Вернувшись в отель, Гарольд поздоровался с членами труппы, собравшимися у него в номере. Он был бледен и напуган. Усадив всех троих, он сказал:
— Надо отсюда сматываться.
— С тобой все в порядке? Ты такой бледный… — заметила Конуэй.
— Собирайте вещи. Есть поезд в пять часов. В нашем распоряжении полтора часа. У меня внезапно заболела мать, она в Париже.
Брови полезли вверх у Бенни Уорта.
— Твоя мать в Париже?
Но тут он перехватил предостерегающий взгляд Гарольда, и все трое встали и без слов поспешили в свои номера — собираться.
Как Гарольд и предполагал, Фуглер так просто сдаваться не собирался. «Его, видимо, предупредил дежурный портье, — рассказывал Гарольд, — потому что едва мы успели сдать ключи от номеров, он уже был тут как тут — вбежал, озираясь, увидел наш собранный багаж и чуть не упал в обморок от ужаса».
— Что вы делаете? Вы не можете так просто уехать! — кричал Фуглер. — Что случилось? Мне сказали, фюрер намерен пригласить вас на ужин! От такого приглашения нельзя отказываться!
Конуэй, оказавшаяся в тот момент ближе всех к Фуглеру, шагнула к нему. От страха голос ее звучал на октаву выше.

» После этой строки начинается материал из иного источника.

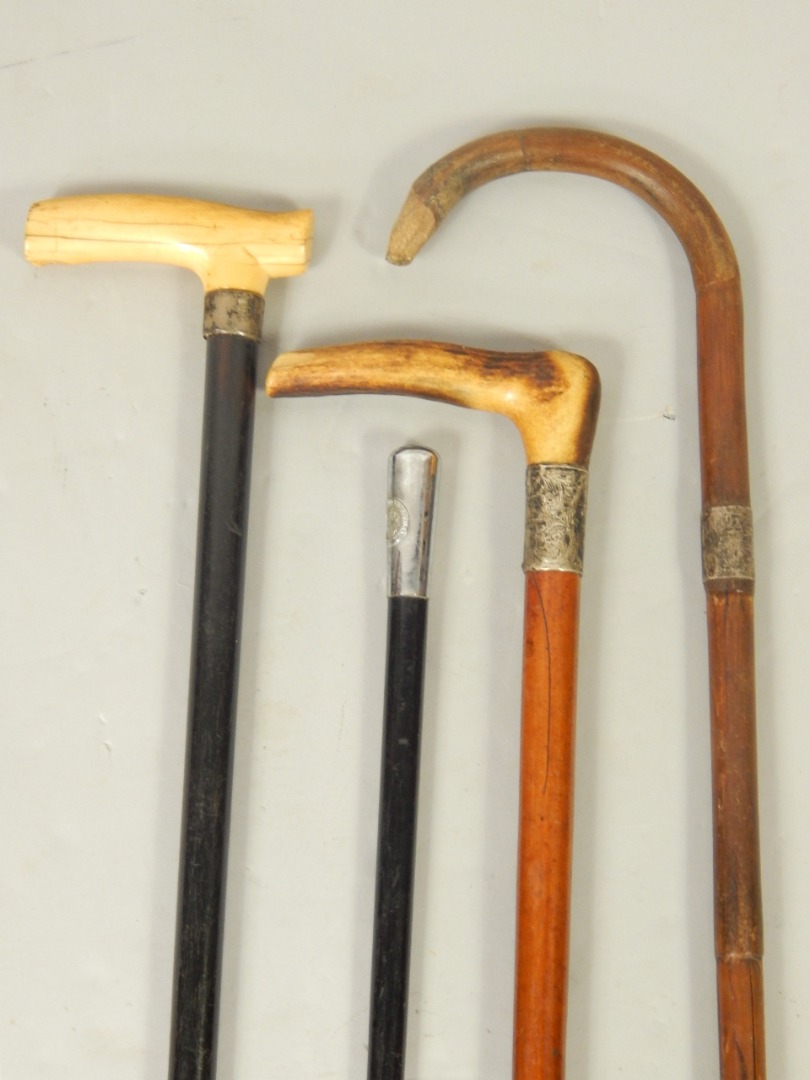 Appraisal: A Victorian ebony walking stick with an ivory handle silver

— Да вы что, не видите? Он в тревоге, его мать при смерти. Она не старая еще женщина, значит, там случилось нечто ужасное!

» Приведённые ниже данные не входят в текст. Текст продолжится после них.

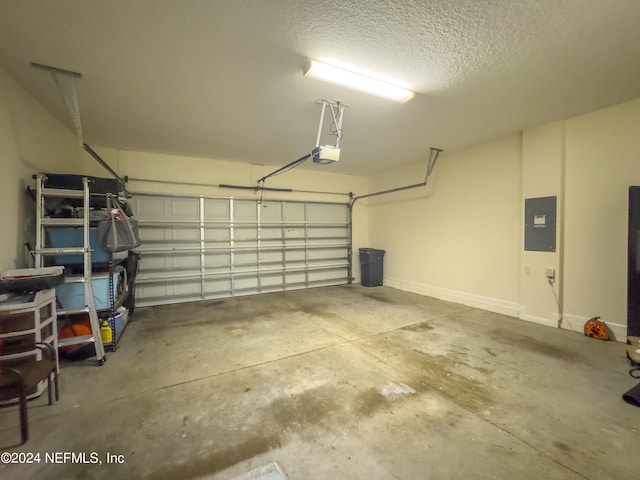 garage featuring a garage door opener and electric panel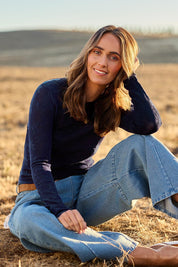 Model Tegan wearing size S of the Love Layer Long Sleeve Knit Top in colour Navy (Blue), from the front, showing the whole outfit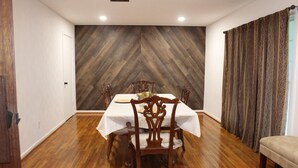 Ein Esszimmer mit Wandverkleidung aus Fischgrätparkett, einem Tisch mit weißem Tischtuch, Holzstühlen und einer Bank.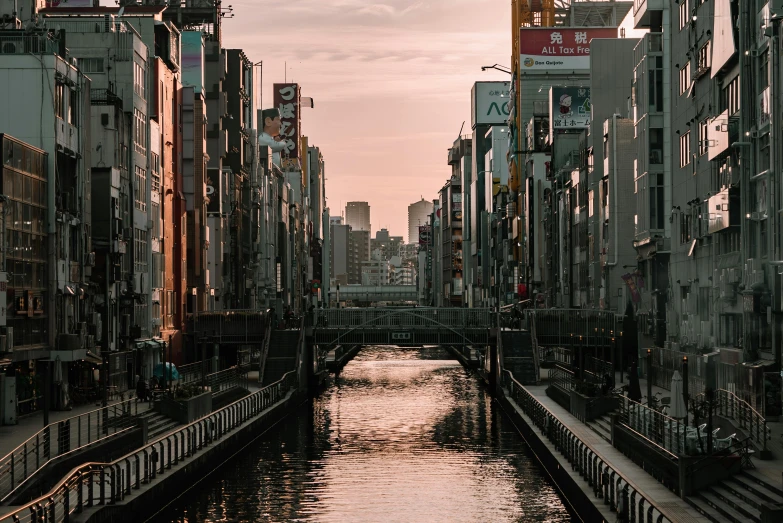 a river running through a city next to tall buildings, inspired by Kōshirō Onchi, unsplash contest winner, pink golden hour, canals, empty streetscapes, 2 0 2 2 photo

— Я могу позвонить в наше посольство в Париже. И они пошлют к ней кого-нибудь. Вы должны оставаться здесь! Нет, это совершенно невозможно! Какой у нее адрес? Пожалуйста, дайте мне ее адрес, и я устрою, чтобы к ней немедленно прислали врача. Мистер Мэй! Герр Гитлер никогда еще не выражал столь бурного восторга…
— Я еврей, — произнес Гарольд.
— Как вы сказали? — спросил я, совершенно пораженный.
Гарольд поднял взгляд и заметил мое удивление. А я подумал, что это, видимо, самый острый момент во всей этой истории — описание бегства не только из Германии, но и от всякой связи с Гитлером, — такое выражение удовольствия вдруг расплылось по всему его улыбающемуся мальчишескому лицу, до самого пробора.